Greece is warning that the European Commission’s sweeping proposal to raise tobacco taxes could trigger a sharp rise in cigarette smuggling, undermining both revenue and public health goals. The reforms — part of the EU’s effort to modernize its Tobacco Taxation Directive and introduce a new European levy — could push the average price of a cigarette pack in Greece from €4.60 to €7.00, an increase of more than 50%.
At the Economic and Financial Affairs Council (ECOFIN) meeting, Greek Finance Minister Kyriakos Pierrakakis cautioned that steep excise hikes would “lead to a rise in smuggling,” citing Greece’s experience and its porous borders with non-EU countries, a key transit point for illicit tobacco. He warned that drastic price differences across regions would create new incentives for cross-border trafficking and black-market trade, threatening legal retailers and state revenues alike.

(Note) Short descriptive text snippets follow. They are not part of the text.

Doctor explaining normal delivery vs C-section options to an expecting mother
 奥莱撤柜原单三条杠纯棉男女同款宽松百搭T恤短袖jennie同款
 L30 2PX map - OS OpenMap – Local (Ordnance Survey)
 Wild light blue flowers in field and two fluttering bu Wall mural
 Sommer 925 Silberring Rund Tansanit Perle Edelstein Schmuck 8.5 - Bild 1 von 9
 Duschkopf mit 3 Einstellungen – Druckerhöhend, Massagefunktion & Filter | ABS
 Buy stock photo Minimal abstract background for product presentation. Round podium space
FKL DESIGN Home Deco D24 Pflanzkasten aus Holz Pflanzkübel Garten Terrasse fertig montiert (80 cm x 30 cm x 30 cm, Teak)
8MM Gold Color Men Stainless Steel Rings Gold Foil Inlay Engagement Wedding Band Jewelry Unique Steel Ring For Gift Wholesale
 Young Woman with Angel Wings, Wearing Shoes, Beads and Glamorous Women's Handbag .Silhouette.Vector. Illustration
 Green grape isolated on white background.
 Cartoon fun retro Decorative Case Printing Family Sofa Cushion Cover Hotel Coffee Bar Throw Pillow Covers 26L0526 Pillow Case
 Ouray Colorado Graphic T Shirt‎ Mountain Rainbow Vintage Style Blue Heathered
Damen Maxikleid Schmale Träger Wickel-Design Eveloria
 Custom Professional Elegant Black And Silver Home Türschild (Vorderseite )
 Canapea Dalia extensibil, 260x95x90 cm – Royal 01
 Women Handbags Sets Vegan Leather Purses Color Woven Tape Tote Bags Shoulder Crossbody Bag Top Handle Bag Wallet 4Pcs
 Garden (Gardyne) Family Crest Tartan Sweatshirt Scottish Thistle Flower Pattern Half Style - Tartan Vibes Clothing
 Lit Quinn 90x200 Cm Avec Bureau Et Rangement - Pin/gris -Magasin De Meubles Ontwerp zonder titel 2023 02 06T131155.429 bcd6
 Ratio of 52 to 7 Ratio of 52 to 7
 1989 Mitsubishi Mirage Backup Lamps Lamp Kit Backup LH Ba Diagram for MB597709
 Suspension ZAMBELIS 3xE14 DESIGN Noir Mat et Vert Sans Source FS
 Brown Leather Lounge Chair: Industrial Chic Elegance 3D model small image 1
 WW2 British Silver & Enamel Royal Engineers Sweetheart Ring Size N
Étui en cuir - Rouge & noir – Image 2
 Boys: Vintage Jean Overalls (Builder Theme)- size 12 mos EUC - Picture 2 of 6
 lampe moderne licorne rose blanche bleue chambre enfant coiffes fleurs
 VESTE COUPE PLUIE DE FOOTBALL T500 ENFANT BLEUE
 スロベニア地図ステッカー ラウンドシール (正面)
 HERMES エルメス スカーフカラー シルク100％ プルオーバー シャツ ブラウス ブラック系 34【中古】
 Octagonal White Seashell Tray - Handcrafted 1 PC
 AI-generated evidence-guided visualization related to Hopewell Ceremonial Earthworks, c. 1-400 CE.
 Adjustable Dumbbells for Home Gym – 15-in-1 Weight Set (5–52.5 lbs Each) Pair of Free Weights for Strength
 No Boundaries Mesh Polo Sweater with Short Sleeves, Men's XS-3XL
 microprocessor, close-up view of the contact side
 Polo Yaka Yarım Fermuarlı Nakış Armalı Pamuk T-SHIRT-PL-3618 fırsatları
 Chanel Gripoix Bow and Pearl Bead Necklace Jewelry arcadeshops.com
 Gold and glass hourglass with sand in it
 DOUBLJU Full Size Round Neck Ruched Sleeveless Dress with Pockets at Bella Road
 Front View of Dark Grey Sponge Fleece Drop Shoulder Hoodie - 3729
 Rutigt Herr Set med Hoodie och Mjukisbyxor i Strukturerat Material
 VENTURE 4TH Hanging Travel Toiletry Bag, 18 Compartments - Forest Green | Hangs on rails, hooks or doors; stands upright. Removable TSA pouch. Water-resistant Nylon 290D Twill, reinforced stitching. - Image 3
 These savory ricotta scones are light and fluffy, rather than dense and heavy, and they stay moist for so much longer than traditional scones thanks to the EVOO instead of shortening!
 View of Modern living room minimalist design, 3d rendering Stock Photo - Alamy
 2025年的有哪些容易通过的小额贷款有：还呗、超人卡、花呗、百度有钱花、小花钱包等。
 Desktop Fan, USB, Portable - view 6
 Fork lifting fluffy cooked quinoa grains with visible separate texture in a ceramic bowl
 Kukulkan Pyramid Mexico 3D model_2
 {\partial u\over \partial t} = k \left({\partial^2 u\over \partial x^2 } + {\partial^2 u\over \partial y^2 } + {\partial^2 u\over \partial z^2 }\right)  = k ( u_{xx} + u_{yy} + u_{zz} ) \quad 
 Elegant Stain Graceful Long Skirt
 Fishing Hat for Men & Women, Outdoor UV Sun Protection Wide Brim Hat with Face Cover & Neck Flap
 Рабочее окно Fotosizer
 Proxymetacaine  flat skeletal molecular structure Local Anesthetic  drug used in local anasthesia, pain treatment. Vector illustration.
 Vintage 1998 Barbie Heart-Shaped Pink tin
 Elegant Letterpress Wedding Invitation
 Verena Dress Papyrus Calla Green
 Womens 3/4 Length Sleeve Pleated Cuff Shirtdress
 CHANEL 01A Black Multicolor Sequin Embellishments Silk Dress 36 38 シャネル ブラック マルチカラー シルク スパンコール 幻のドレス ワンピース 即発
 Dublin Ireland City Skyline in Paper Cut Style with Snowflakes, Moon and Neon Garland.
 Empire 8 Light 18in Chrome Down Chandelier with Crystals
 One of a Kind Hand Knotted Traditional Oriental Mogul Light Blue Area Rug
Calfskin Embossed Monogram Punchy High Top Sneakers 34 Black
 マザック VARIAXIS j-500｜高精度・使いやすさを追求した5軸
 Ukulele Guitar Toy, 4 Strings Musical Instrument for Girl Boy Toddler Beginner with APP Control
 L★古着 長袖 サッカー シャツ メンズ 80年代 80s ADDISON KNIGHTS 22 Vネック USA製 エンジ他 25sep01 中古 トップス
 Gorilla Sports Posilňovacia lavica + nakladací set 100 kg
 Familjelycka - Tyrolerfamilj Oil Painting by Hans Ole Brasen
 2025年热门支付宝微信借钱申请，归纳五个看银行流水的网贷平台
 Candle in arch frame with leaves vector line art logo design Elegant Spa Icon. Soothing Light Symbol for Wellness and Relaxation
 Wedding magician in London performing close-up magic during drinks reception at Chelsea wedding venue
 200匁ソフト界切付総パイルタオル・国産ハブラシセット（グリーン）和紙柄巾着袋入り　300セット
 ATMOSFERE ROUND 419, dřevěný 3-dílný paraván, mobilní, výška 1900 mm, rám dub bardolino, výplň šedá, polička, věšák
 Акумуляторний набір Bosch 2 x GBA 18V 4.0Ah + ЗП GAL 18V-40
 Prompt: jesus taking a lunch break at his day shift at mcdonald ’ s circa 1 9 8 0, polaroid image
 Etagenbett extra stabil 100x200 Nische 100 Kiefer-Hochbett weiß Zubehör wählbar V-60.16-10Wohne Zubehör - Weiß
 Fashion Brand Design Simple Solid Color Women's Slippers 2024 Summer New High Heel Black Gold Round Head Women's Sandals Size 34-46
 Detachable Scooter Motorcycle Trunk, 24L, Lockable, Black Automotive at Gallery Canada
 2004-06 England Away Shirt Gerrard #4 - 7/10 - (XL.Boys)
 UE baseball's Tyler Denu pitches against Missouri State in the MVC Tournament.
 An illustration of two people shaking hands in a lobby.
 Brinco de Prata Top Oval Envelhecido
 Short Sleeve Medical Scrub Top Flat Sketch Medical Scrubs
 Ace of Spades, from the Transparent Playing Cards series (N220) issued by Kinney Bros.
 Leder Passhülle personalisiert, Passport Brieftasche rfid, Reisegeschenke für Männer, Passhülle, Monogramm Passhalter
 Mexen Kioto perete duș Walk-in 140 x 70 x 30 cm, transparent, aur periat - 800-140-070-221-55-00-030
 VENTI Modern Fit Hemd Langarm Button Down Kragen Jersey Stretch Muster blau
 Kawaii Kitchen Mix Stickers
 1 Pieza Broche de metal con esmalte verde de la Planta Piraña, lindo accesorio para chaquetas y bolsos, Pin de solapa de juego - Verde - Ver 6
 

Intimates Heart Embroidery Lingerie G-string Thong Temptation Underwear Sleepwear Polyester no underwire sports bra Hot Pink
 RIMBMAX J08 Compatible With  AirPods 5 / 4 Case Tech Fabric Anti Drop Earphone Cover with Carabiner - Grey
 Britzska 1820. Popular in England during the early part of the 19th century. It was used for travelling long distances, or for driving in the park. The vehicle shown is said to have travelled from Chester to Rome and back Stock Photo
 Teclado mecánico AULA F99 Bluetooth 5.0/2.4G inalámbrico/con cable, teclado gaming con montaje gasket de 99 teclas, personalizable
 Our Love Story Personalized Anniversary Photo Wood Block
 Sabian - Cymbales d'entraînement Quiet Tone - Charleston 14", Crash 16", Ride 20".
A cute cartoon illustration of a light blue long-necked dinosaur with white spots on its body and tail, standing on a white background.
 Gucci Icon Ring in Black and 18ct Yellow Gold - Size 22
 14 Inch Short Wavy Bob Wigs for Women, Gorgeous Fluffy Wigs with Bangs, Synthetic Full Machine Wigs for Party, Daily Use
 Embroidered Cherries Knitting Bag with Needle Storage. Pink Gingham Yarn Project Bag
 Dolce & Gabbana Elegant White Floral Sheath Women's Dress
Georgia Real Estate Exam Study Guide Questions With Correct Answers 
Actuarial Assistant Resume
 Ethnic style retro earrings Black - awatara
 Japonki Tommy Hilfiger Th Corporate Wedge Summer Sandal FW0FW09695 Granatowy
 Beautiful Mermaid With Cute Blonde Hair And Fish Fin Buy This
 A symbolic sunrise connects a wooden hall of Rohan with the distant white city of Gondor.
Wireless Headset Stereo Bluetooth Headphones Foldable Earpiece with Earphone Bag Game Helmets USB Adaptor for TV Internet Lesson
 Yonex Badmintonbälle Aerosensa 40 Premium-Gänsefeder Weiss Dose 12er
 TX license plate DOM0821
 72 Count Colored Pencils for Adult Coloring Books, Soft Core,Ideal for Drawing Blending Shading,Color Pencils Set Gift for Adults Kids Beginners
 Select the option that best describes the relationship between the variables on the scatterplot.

Greece, which already has one of the highest smoking rates in the EU at around 30%, is particularly vulnerable to illicit trade. The government argues that the proposed tax levels could push many smokers toward cheaper, untaxed cigarettes, further expanding an underground market that already costs the country millions in lost revenue. To prevent this, Athens is advocating for a more moderate tax path, a longer adjustment period, and weight-based taxation for new nicotine products — balancing fiscal goals with the urgent need to curb smuggling.